▸ **Activity**:
Every record below is to be restated verbatim, though its images are not.

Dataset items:
• • • • • • •
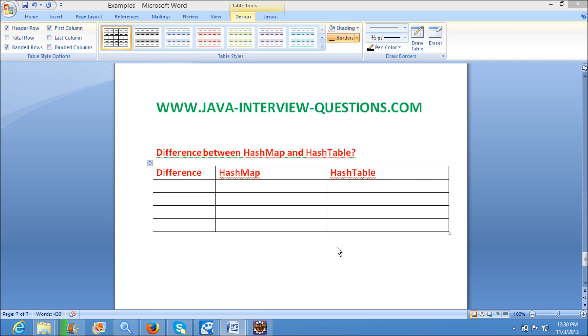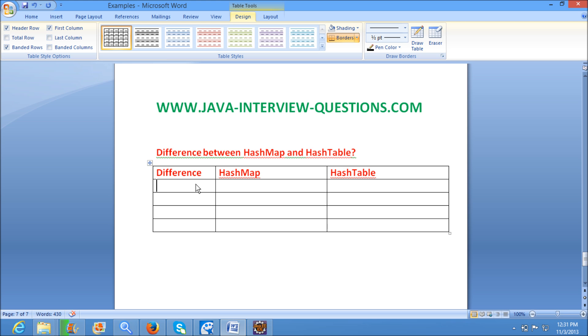Welcome to JavaInterviewQuestions.com. Today we will see one important Java interview question: Difference between HashMap and HashTable in Java.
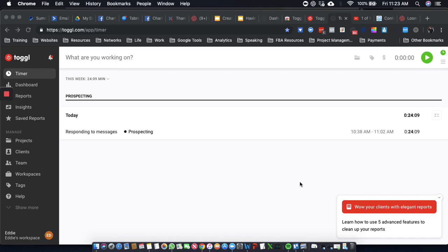Alright, so here is a training on how to use Toggl. I'm recording this because I'm starting to use Toggl and I want you to be able to use Toggl as well.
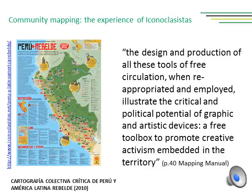Creative maps always come out of Iconoclassistas' workshops and result from many views of the territory. The work most of the time is not merely a digital work but takes the shape of an artistic opera. They believe that the design and production of all these tools of free circulation were reappropriated and employed to illustrate the critical and political potential of graphic and artistic devices—a free toolbox to promote creative activism embedded in the territory.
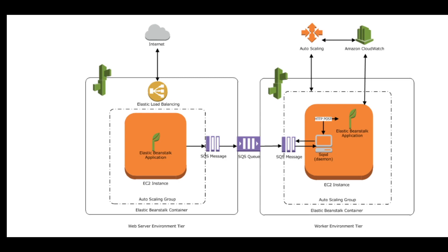Whereas in EC2 instances that are in a worker environment tier, it has this component called daemon that is responsible for pulling the messages from the queue.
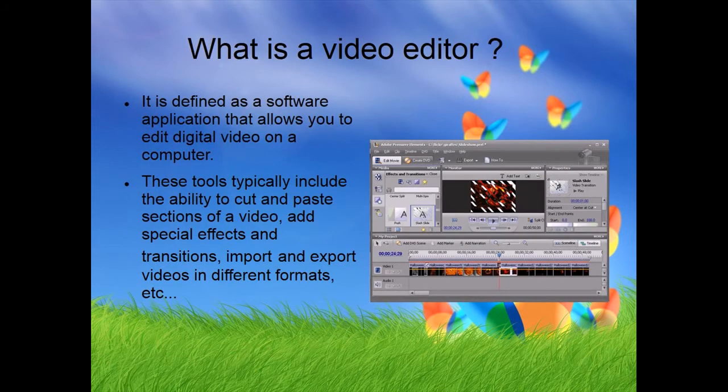The first part of this presentation is what a video editor is. A video editor is a PC program to edit a video that has some tools for editing a video.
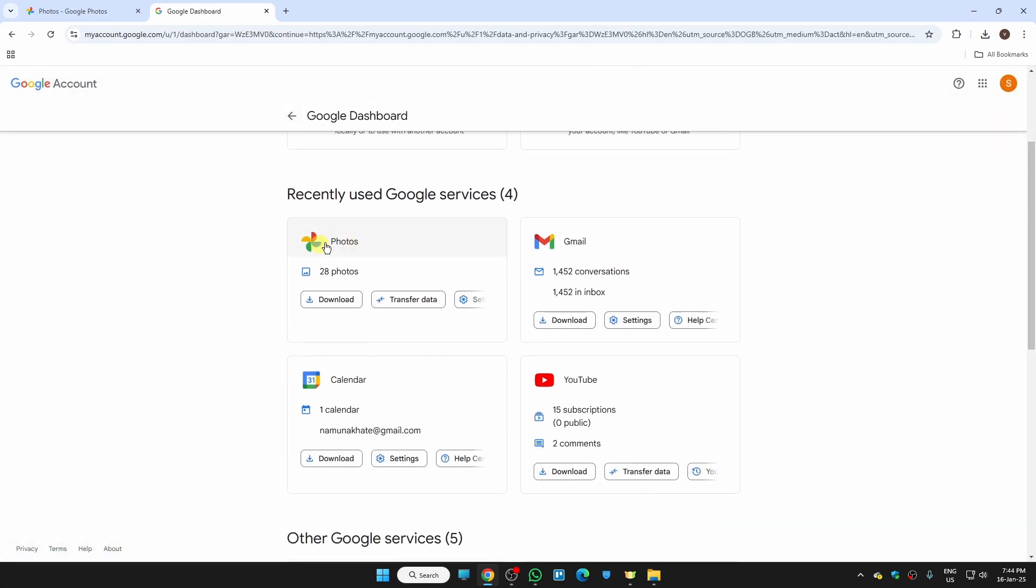Scroll a bit and here you will find the option for Google Photos. I have 28 photos on my account. In case you have 1000 or 2000, you will see the number here. To download all of them, just click on download.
• • • • • • •
▸ **Result of the exercise**:
Welcome to JavaInterviewQuestions.com. Today we will see one important Java interview question: Difference between HashMap and HashTable in Java.
Alright, so here is a training on how to use Toggl. I'm recording this because I'm starting to use Toggl and I want you to be able to use Toggl as well.
Creative maps always come out of Iconoclassistas' workshops and result from many views of the territory. The work most of the time is not merely a digital work but takes the shape of an artistic opera. They believe that the design and production of all these tools of free circulation were reappropriated and employed to illustrate the critical and political potential of graphic and artistic devices—a free toolbox to promote creative activism embedded in the territory.
Whereas in EC2 instances that are in a worker environment tier, it has this component called daemon that is responsible for pulling the messages from the queue.
The first part of this presentation is what a video editor is. A video editor is a PC program to edit a video that has some tools for editing a video.
Scroll a bit and here you will find the option for Google Photos. I have 28 photos on my account. In case you have 1000 or 2000, you will see the number here. To download all of them, just click on download.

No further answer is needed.